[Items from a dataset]

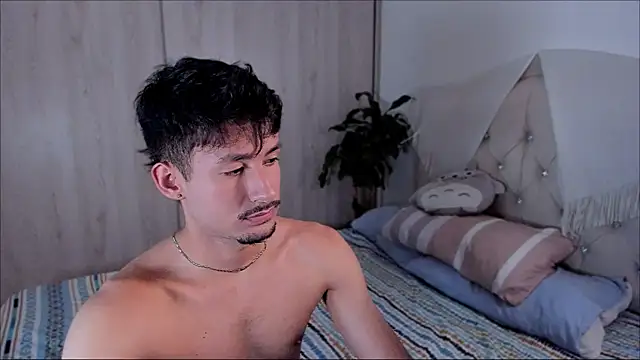 Snapshot of dimitri_targaryen chatting on 7, 10, 2025 dimitri targaryen online show from 7, 10, 2025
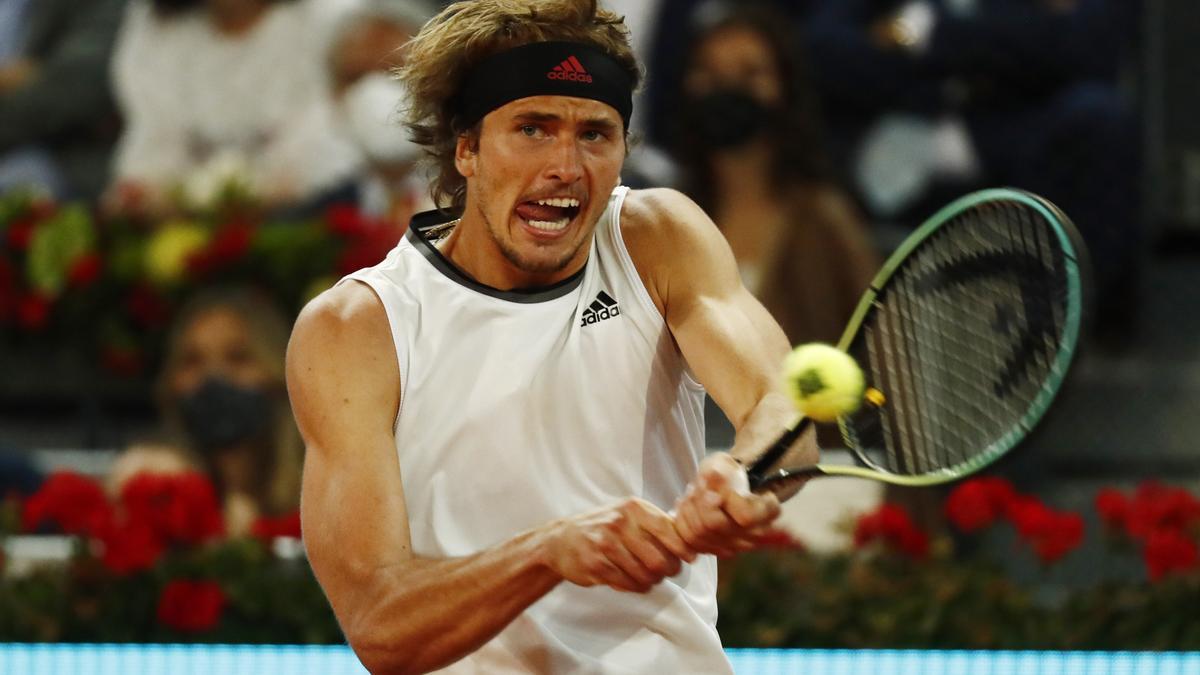 Zverev devuelve una bola ante Berrettini.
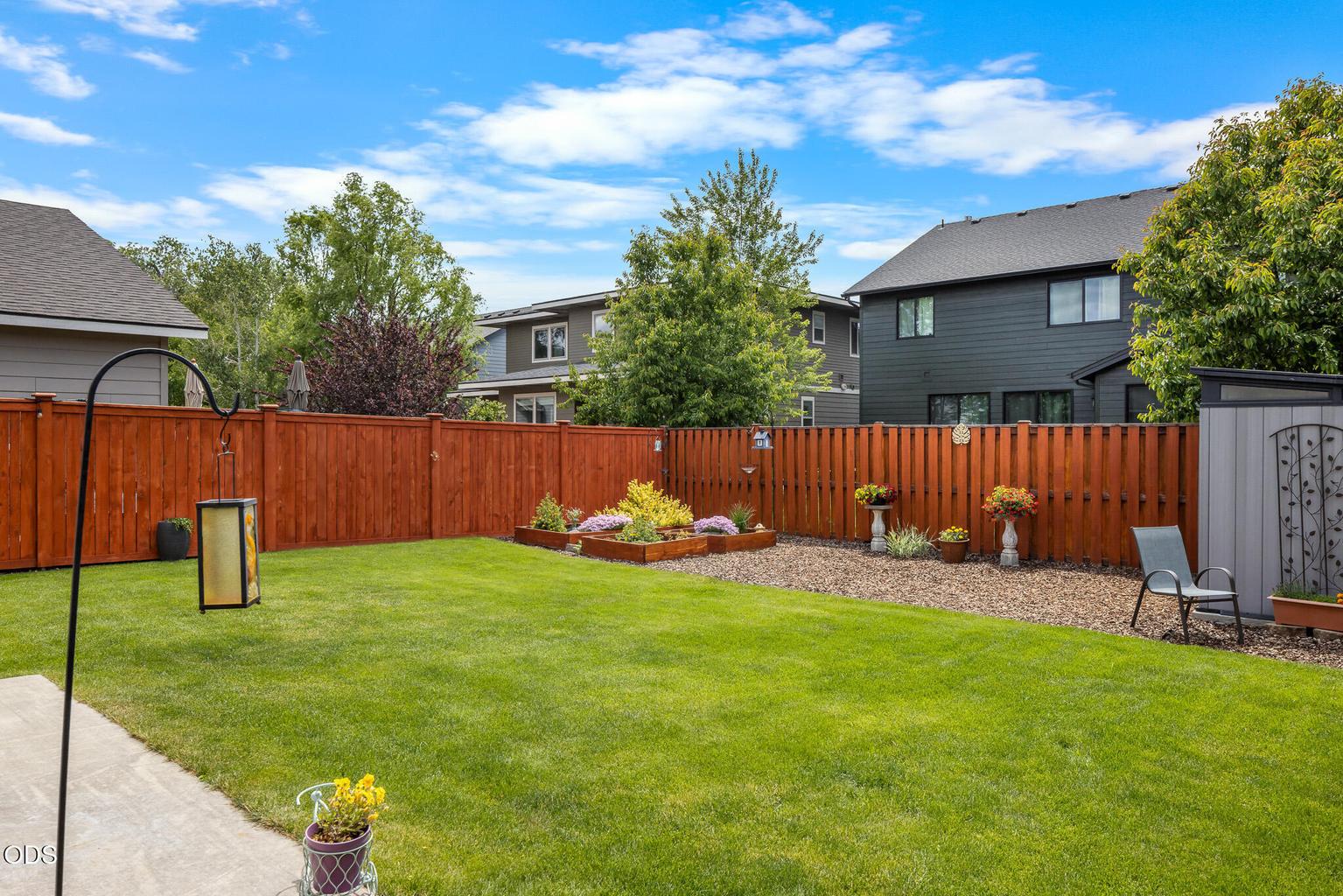 Photo of 2951 NE Dogwood Drive 5 of 43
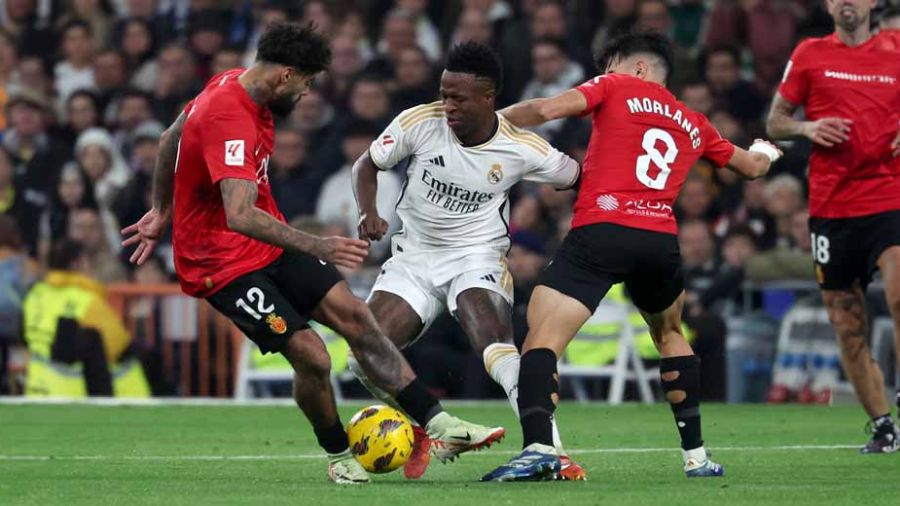 Girona remporte un thriller contre l'Atlético, restant à égalité avec le Real Madrid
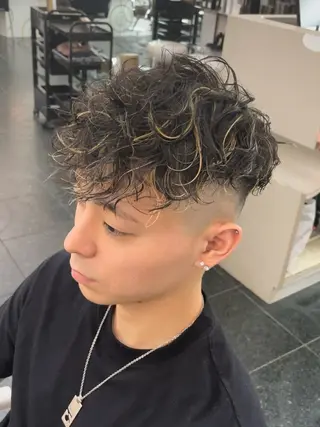 ショート パーマ メンズ 💇🏻‍♂️パーマ ニキ✨本田龍斗のヘアスタイル
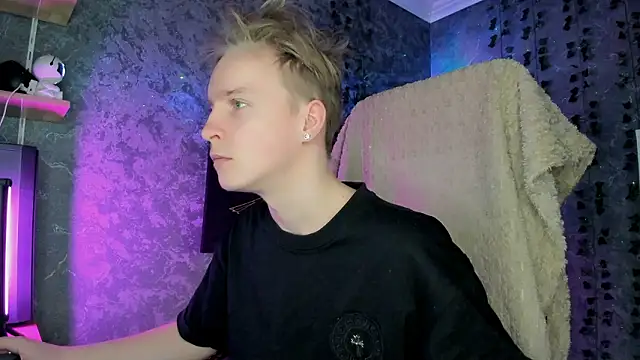 Snapshot of AlexxSweet chatting on 02-08-26, 06:39 AlexxSweet online show from 02-08-26, 06:39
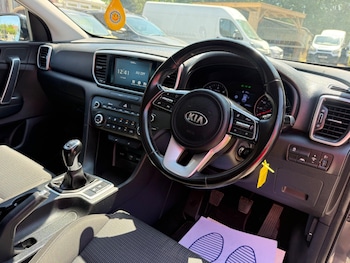 Used Kia Sportage 2018 for sale - 79389682: Photo
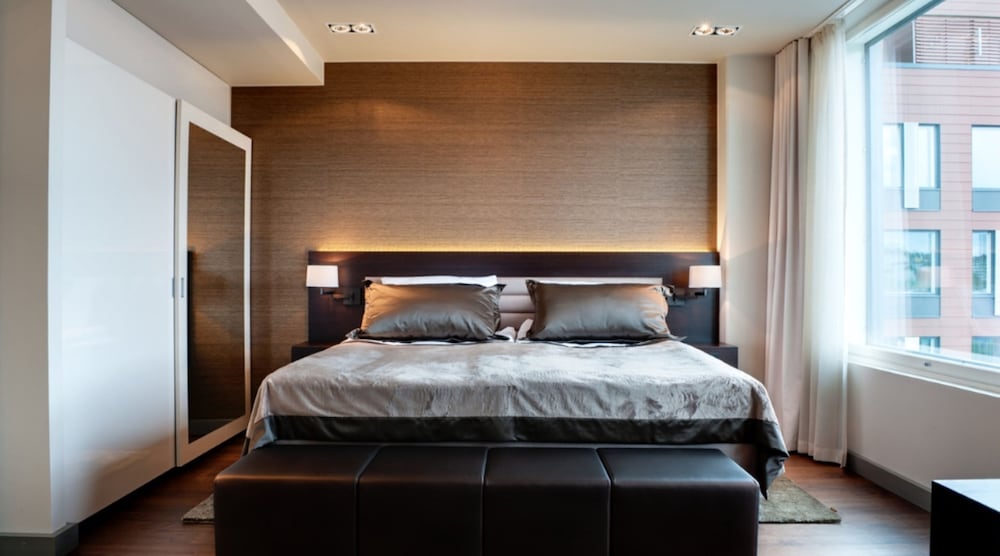 Room, 1 King Bed (Ultimate Solo) photo 1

• [Work item] The range to set down runs from the line containing "Girona remporte un" through the final line of the data, both ends included; give it exactly and drop the pictures.

• [Answer space]
 Girona remporte un thriller contre l'Atlético, restant à égalité avec le Real Madrid
 ショート パーマ メンズ 💇🏻‍♂️パーマ ニキ✨本田龍斗のヘアスタイル
 Snapshot of AlexxSweet chatting on 02-08-26, 06:39 AlexxSweet online show from 02-08-26, 06:39
 Used Kia Sportage 2018 for sale - 79389682: Photo
 Room, 1 King Bed (Ultimate Solo) photo 1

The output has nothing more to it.